School Spirit
Authors: Pierre Huyghe and Douglas Coupland
Release: January 15, 2003
Publisher: Dis Voir
Genre: Pop Culture, History, Photography, Art
ISBN-10: 2914563078
ISBN-13: 978-2914563079
Synopsis: “Dis Voir’s Encounters series invites a well-known contemporary artist to choose a subject for a book. The artist also selects a person with “elective affinities”–someone with whom he or she would like to share this exchange. The resulting collaborative volumes serve as an artistic and political laboratory of the present. For this first installment, French artist Pierre Huyghe choose Canadian writer Douglas Coupland, author of Generation X, for the influence that Coupland has had on his generation, and on Huyghe’s own work. Using a high school yearbook as scaffolding for their meditations, they discuss the construction of character, narrative techniques based on chance and the political dimensions of Coupland’s work–themes that are also fundamental questions for Huyghe’s projects.”
Declassified by Agent Palmer: School Spirit, Like the Yearbooks that Inspired it, is a Neat Narrative Time Capsule
Quotes and Lines
My name is Kelly Harding.
I was a junior at John Glenn Secondary, Rancho Las Palmas, California.
I died on my birthday, April 14, 1984, the day I turned sixteen. That day the weather was overcast with clouds the colour of ashes. At 2:36 PM Pacific Daylight Time the last thing I saw was that sky, drifting south from Los Angeles, polluted with unleaded exhaust fumes, radio waves and dead dreams.
Hillary…
Where do I begin
Bizarre love triangles
Highway cloverleafs
The cookie monster
Thanks for our deep
Spiritual talks.
As my body was carted away from the building on a gurney, somehow I-or my spirit or whatever it is I am-was consigned to remain here in the high school, and I didn’t at first know why. But the situation didn’t frighten me. I just knew that I wasn’t trapped in the school forever or for eternity-or whatever word you use once you no longer use the word, ‘future.’ I was trapped in the school until I learned things I might have learned differently had I lived longer.
When the flower dies, so does the love
High schools, I have learned, are like people – the things that make them different are trivial compared what they have in common. They’re like Chinese food. Or pizza.

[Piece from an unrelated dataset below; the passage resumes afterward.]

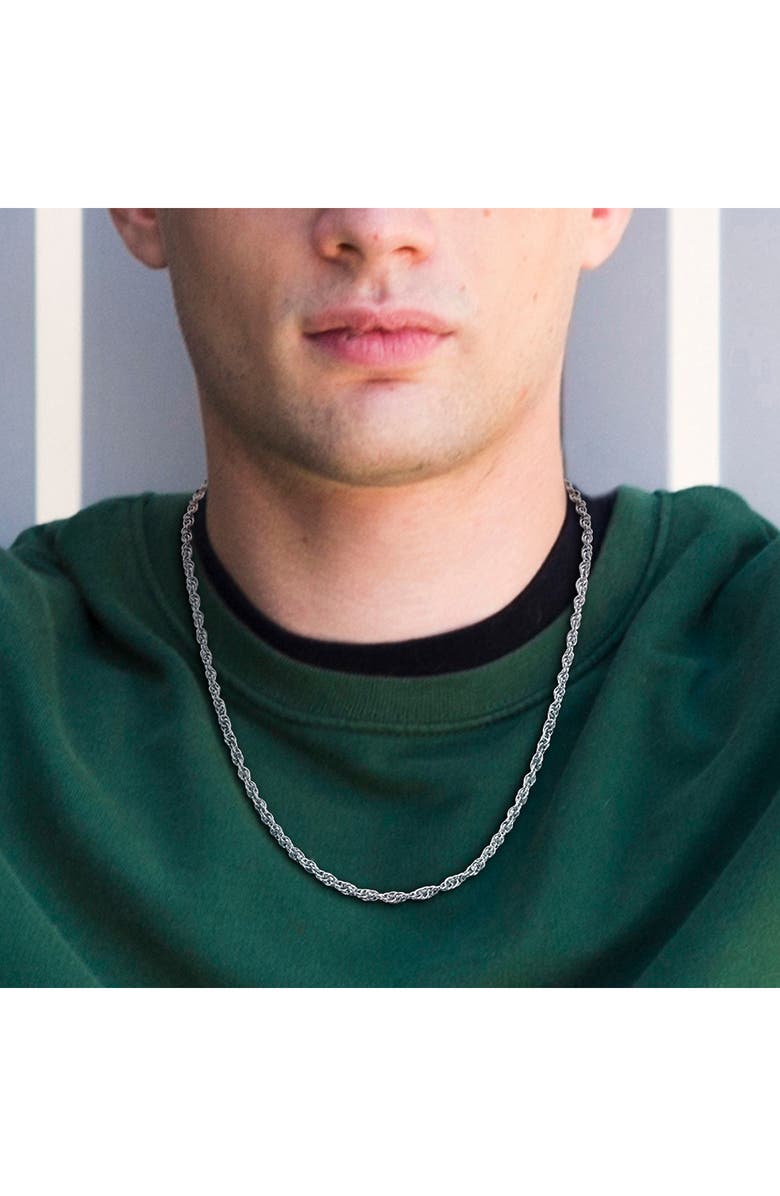 DELMAR Singapore Link Chain Necklace, Alternate, color, Silver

You’d think I’d be lonely here, but no – boredom is something you get when you live in linear time. Eternity isn’t linear, so therefore there’s no boredom.
I used to be lost in the shuffle
Now I shuffle along with the lost
High school students aren’t real people. Not Yet.
People in high school don’t know who they are, let alone what they want to be.
The only really interesting people at school are the losers and misfits, because once you leave school, everyone’s a loser, so at least they’re better prepared.
In many senses schools are just exercises in crowd control. All schools do is keep you off the streets until you’re eighteen, and by the time you’ve graduated, you’ve spent your entire life in a nine-to-five shift-so that you’re fully prepared for a lifetime of unnatural, meaningless and boring work. It’s babysitting.